■ **PROBLEM**
Look through the listing below for the line containing "نماینده فروش جک و خرک تعمیرگاهی سپهر اصفهان". Copy it and each line after it up to and including the line containing "Courtney Love and", exactly, leaving out pictures.

■ **RECORDS FOR THIS TASK**
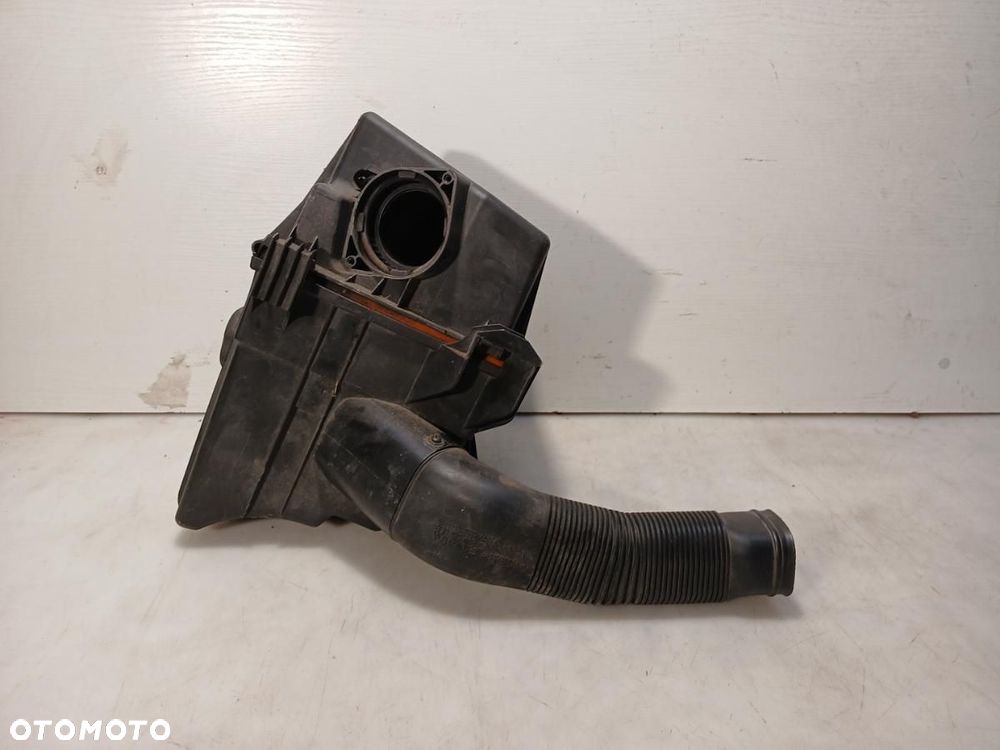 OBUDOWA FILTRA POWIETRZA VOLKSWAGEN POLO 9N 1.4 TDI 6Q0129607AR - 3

---

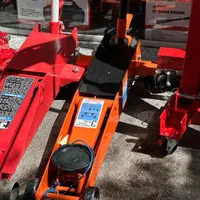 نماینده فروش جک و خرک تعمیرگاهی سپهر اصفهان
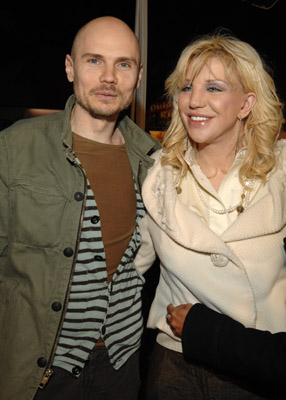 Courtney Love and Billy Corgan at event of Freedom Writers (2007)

■ **SOLUTION TO THIS PROBLEM**
 نماینده فروش جک و خرک تعمیرگاهی سپهر اصفهان
 Courtney Love and Billy Corgan at event of Freedom Writers (2007)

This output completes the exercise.